El anteproyecto de ley de regulación de alquiler turístico que tiene articulado el Govern es el fiel reflejo de la complejidad que supone poner puertas a un mercado ya en marcha y en parte sumergido que afecta a miles de propietarios. Turisme aborda todos los puntos conflictivos, aunque también descarga una porción de la regulación final en manos de los Ayuntamientos, Consell e, incluso, en las comunidades de vecinos. Las sanciones llegan a los 40.000 euros, pero existen dudas sobre la efectividad de la norma. Parece más un brindis que una medida efectiva
La anarquía del rústico. Turisme quiere poner orden en el floreciente negocio del alquiler de fincas rústicas por semanas. Distingue entre el común y el altamente protegido; da alas a Consell y Ayuntamientos para que delimiten y aumenten las áreas de máxima protección; quiere que este mercado irregular se frene en toda clase de rústico, pero de hecho no acaba de prohibir esta actividad. La anarquía de las últimas tres décadas, cuando las casitas de aperos se transformaron en chalets, a menudo ilegales, es imposible que ahora pueda enderezarse cuando el campo ya está plagado de turistas, con infinidad de piscinas y soláriums fuera de la ley a su servicio. Mejor sería asumir la realidad: obligar a los arrendadores a pagar todos sus impuestos. Lo intolerable es el negocio negro o amparado en empresas pantalla fantasmas que tapan el alquiler por semanas.

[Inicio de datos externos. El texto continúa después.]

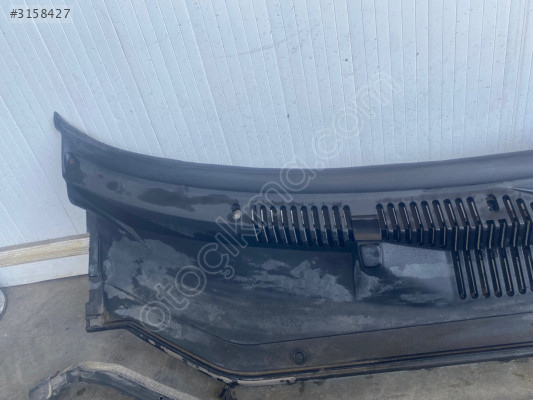 Fiat Albea ön cam eleği hatasız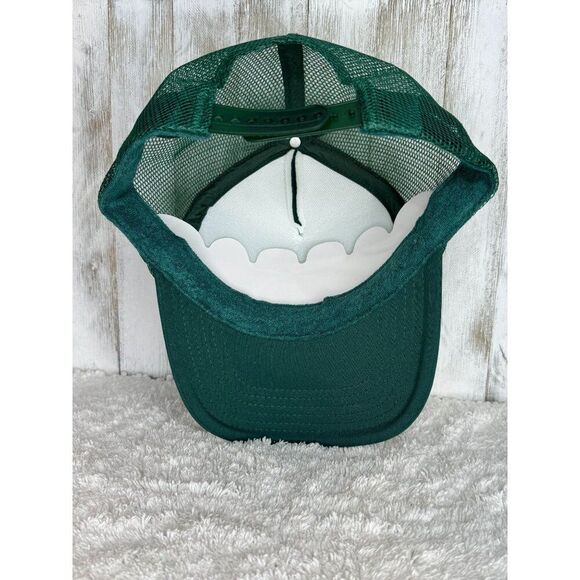 Offline Trucker Hat and Can Koozie NEW - Picture 2 of 3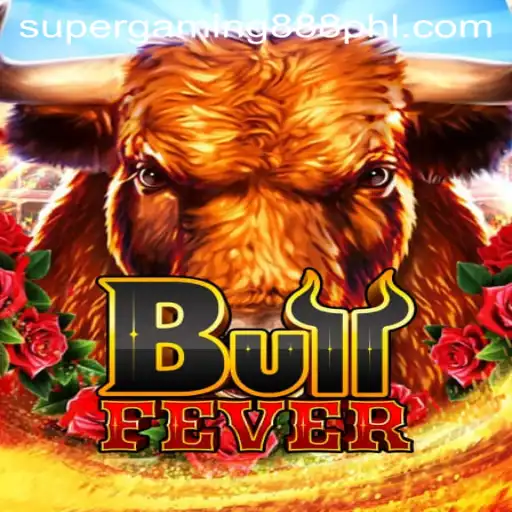 Experience the Thrill of BullFever - The Ultimate Gaming Sensation by supergaming888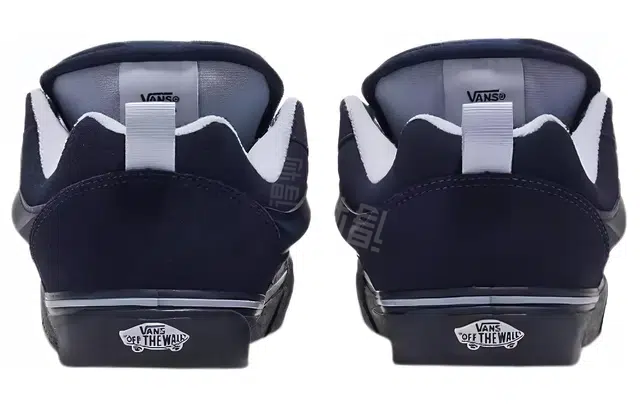 Vans Knu Skool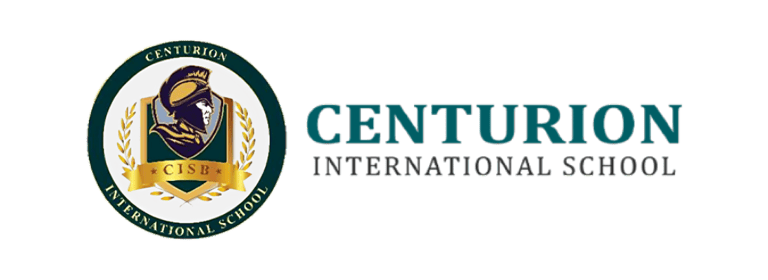 Centurion International School logo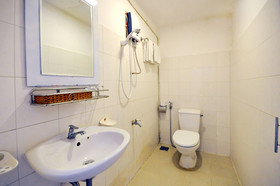 Pansy Hotel by OYO Rooms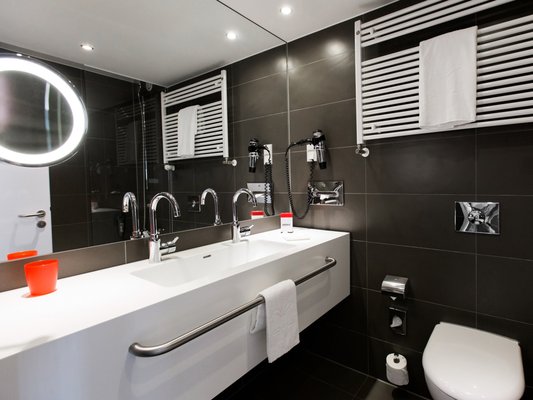 DORMERO Hotel Hannover by null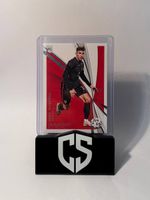 2021 Panini Immaculate Collect. Luka Ivanusec RC Rookie /80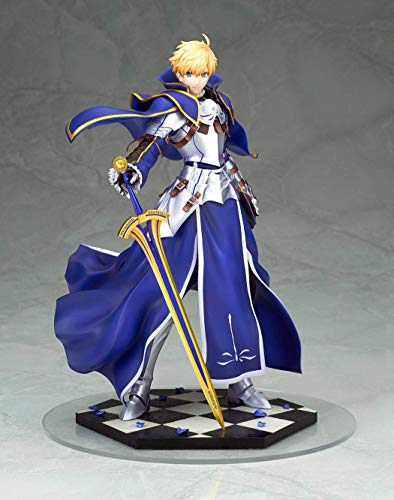 amie×ALTAiR Fate/Grand Order セイバー/アーサー・ペンドラゴン[プロトタイプ] 1/8 完成品フィギュア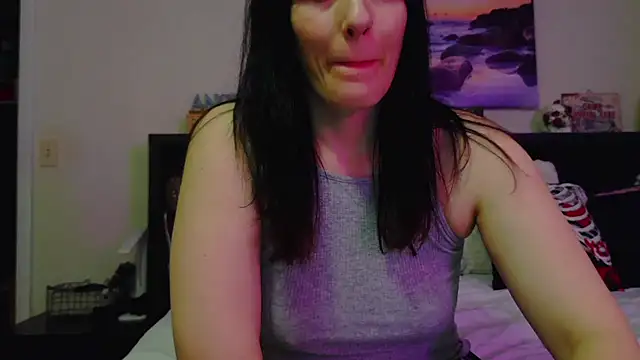 CrystalLakeXO online show from 12-03-25, 05:30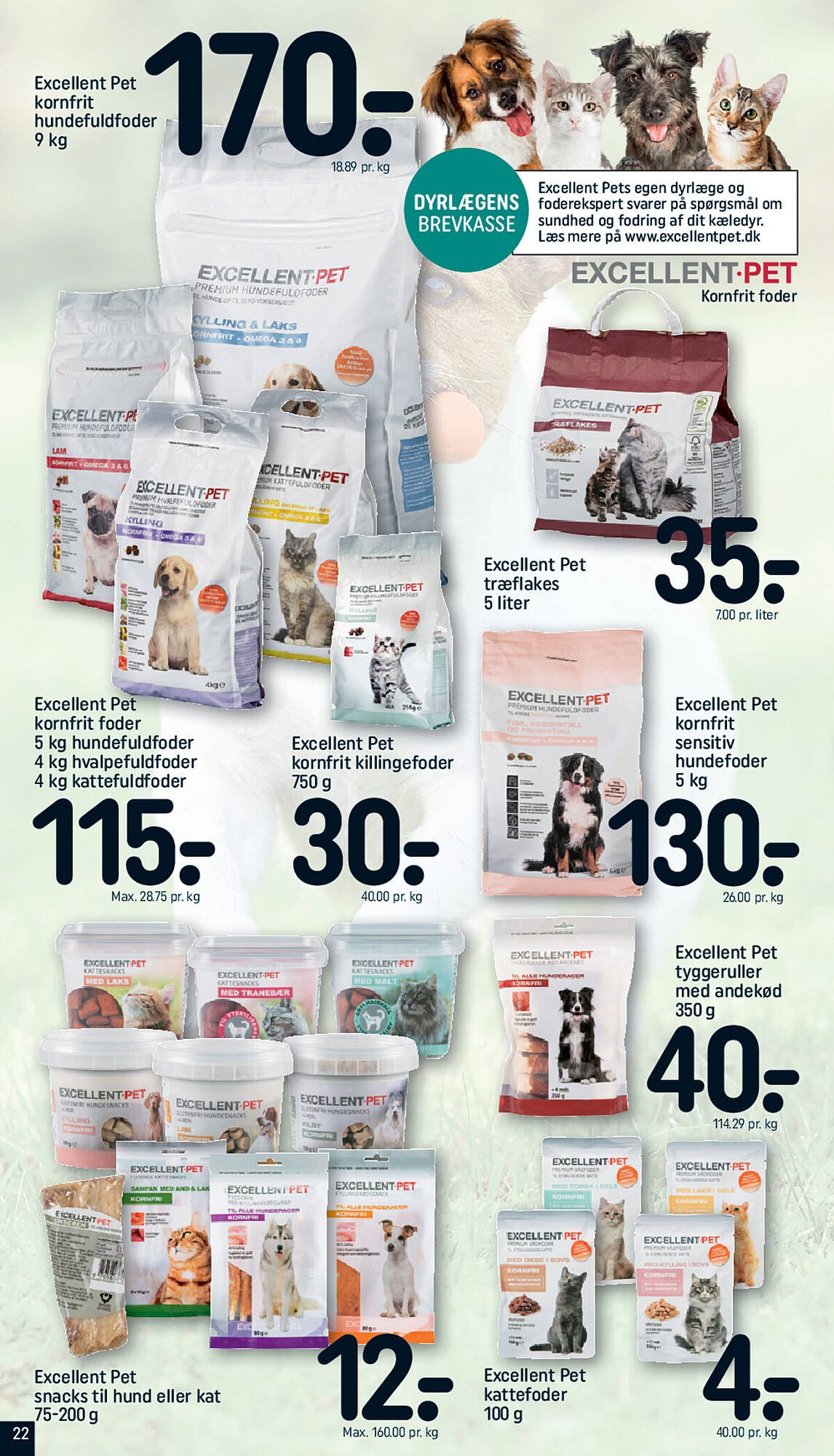 REMA 1000 tilbudsavis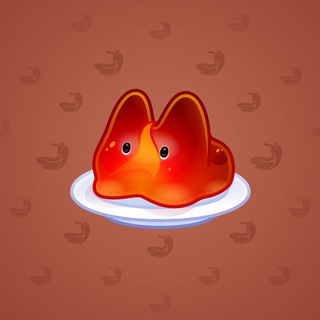 Jelly Bunny #35945
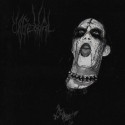 Urgehal "The Eternal Eclipse + 15 Years of Satanic Black Metal" CD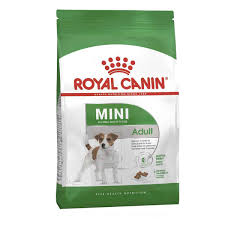 [010101-006 | 250940] ROYAL CANIN SHN MINI ADULT 2KG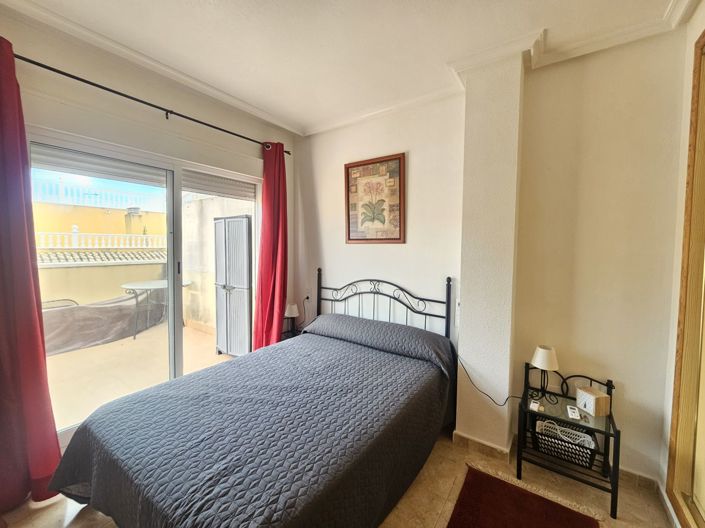 Image No.20-Appartement de 2 chambres à vendre à Formentera Del Segura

Complejas zonificaciones. El Govern dejará en manos de los Ayuntamientos determinar las zonas urbanas donde se podrá alquilar por semanas y en cuáles no. Es una patata demasiado caliente y en muchos casos inasumible, porque los alcaldes se juegan perder las próximas elecciones. En los bloques de pisos deberán ser los vecinos quienes den el visto bueno. El lío está servido, escalera por escalera. Y el hecho de que no se permita alquilar pisos nuevos a turistas también conllevará tensiones de inmersión negra de clientes. Nada será sencillo con esta ley. Ni cobrar los impuestos.